The woodchopper is a functional exercise that may be done using a range of gym equipment such as a dumbbell, a medicine ball, a cable machine, or a resistance band. As the name suggests, the movement mimics swinging a hatchet to part lumber. Because of the twisting movement of the torso, they are also called "oblique twists."
It is performed by standing straight with the feet shoulder-width apart, and choice of weights (e.g. dumbbell or medicine ball) or resistance bands in hand. The individual rotates their trunk to one side while raising the weight diagonally until it is over the shoulder. The weight is brought back down by slightly bending the knees, rotating the torso to the other side while simultaneously lowering the weight diagonally across the body until it reaches the hip level. This movement is repeated until a set is completed before switching sides.

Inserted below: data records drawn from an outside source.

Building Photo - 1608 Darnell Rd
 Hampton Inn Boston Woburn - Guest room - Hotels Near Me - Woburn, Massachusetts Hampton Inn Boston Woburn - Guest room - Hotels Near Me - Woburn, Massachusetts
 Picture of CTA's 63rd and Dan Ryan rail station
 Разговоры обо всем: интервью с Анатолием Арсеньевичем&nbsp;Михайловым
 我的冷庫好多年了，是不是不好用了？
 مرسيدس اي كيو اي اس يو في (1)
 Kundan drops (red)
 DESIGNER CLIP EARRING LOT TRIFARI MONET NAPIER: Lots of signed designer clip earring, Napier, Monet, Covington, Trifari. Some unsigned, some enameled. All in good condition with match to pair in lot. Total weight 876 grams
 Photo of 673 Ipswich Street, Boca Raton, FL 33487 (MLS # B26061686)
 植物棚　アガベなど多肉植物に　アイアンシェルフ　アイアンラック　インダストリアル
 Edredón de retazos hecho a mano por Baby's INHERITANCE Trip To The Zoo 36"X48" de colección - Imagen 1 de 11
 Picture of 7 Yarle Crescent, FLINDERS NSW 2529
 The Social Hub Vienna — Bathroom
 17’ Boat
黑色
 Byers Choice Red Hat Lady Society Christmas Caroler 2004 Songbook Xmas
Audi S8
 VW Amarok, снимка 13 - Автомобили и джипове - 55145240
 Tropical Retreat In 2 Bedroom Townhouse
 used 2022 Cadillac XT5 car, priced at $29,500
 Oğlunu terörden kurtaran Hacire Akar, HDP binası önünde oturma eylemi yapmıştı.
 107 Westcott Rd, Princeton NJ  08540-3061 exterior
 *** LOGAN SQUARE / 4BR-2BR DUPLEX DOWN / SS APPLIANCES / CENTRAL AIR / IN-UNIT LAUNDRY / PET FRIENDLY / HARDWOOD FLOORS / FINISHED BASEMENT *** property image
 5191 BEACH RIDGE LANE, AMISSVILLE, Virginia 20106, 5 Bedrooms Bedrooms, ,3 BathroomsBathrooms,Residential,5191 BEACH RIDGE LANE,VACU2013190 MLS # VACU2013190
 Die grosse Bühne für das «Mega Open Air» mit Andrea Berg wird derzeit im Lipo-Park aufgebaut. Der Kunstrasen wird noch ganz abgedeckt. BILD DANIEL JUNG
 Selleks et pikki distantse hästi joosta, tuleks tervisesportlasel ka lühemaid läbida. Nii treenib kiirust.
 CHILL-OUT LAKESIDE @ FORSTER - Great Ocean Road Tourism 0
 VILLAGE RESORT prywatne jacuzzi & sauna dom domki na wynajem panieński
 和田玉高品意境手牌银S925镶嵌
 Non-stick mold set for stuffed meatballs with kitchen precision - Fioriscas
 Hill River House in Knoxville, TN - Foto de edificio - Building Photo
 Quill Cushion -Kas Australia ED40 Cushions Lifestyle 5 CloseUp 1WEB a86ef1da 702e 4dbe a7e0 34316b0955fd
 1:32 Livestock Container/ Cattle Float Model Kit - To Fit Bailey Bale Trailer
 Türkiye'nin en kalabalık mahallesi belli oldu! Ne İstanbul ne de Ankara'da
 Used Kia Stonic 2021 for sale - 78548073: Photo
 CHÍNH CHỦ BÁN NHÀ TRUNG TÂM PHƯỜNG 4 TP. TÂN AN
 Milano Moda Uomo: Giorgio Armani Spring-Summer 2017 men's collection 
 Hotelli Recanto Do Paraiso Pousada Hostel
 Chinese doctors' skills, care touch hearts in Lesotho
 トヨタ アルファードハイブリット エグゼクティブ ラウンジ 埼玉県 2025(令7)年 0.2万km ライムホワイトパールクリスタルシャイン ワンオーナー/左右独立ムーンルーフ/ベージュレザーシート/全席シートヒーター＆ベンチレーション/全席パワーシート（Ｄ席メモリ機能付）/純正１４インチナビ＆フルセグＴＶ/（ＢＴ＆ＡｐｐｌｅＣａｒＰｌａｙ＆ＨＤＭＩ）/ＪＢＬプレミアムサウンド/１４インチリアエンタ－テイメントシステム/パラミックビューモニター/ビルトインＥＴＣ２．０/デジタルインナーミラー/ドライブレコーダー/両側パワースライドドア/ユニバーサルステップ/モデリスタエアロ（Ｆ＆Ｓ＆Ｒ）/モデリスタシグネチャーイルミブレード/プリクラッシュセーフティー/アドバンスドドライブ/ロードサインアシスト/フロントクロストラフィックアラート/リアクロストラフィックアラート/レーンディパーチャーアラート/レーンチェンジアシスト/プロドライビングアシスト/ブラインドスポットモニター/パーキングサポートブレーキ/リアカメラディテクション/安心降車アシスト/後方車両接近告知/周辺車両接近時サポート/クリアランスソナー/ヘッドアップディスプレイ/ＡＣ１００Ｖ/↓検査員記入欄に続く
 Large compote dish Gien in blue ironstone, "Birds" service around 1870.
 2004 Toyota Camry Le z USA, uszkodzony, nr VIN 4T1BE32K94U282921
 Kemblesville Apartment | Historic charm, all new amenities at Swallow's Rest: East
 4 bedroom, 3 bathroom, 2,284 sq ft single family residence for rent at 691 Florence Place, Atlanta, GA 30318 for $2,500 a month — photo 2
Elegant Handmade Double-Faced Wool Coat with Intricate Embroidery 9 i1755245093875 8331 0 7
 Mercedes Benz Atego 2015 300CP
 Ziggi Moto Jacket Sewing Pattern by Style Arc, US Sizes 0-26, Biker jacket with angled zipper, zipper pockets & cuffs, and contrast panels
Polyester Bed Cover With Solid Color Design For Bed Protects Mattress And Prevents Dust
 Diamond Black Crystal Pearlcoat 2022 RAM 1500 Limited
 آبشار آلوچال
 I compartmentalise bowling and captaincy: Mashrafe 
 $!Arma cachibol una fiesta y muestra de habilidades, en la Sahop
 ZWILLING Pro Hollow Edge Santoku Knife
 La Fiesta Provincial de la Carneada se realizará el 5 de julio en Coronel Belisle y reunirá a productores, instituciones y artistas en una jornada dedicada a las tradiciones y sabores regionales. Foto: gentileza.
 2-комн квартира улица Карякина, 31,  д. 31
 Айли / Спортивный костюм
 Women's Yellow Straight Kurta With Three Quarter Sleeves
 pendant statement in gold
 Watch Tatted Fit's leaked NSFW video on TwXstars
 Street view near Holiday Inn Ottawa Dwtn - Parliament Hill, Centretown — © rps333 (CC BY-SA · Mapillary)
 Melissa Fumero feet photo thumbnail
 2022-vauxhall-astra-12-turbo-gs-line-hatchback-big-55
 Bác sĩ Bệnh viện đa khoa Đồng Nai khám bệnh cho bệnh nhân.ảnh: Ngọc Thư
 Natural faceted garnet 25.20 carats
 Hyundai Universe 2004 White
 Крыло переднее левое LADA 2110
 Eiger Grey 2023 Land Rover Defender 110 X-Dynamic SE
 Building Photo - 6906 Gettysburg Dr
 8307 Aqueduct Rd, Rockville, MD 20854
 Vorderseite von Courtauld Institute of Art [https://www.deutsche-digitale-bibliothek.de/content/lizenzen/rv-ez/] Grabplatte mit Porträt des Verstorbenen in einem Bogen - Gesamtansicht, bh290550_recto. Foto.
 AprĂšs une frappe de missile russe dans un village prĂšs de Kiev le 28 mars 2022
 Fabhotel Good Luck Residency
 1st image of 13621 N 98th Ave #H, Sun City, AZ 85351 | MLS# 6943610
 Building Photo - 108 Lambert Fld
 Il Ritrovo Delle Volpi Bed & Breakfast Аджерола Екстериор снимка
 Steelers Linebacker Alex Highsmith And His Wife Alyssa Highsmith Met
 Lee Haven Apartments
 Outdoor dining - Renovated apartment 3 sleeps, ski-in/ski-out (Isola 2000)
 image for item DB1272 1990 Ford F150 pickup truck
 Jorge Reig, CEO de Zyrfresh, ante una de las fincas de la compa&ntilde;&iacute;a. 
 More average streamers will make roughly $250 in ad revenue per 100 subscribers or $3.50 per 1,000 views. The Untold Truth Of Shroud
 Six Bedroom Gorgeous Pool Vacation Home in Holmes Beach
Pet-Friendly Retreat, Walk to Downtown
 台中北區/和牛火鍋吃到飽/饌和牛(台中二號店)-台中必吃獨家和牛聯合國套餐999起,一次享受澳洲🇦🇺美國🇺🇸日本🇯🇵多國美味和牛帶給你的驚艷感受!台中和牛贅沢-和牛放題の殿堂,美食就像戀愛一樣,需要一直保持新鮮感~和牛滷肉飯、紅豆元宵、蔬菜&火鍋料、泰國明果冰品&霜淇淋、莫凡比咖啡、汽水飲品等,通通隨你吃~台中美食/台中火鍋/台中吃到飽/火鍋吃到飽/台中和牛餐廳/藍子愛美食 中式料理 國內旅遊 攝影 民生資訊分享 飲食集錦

In the case of using resistance bands, it is important to attach the band to a stable surface. It may also be performed with opposite resistance. The band may be attached higher than the individual stands so that the resistance works against the downward motion of the movement. This may be done using a cable machine too.
All of the exercises discussed previously fall under conditioning exercises. Conditioning exercises utilize the whole body, engaging different muscle groups to tone, strengthen, and enhance cardiovascular health.
As with all types of exercise, conditioning exercises help build strength. This translates to easier execution of daily tasks such as carrying heavy items, lifting a heavy load overhead, or simply climbing stairs. Variation in the exercises allows the individual to move in different ways and engage different muscle groups which may deem beneficial in functional activities.
Cardiovascular disease is the leading cause of mortality worldwide. Regular exercise helps improve cardiovascular health and curb the risk of developing cardiovascular diseases. Physical activity aids in lowering blood pressure as well as increases insulin sensitivity which allows the body to use blood glucose more efficiently.
Physical activity increases the amount of calories the body uses for energy. Because excess calories that are not used up turn to fat, body conditioning exercises are helpful in that they burn excess calories to avoid gaining weight.
As a compound exercise that works almost all the muscles in the body, the medicine ball slam is able to provide benefits such as strengthening of the back, core, and abdominal muscles as well as enhancing cardiovascular endurance. The available alternative exercises have similar benefits as that of the medicine ball slam and may even be more practical in some cases. However, the choice of alternative exercise to be used largely depends on individual preference.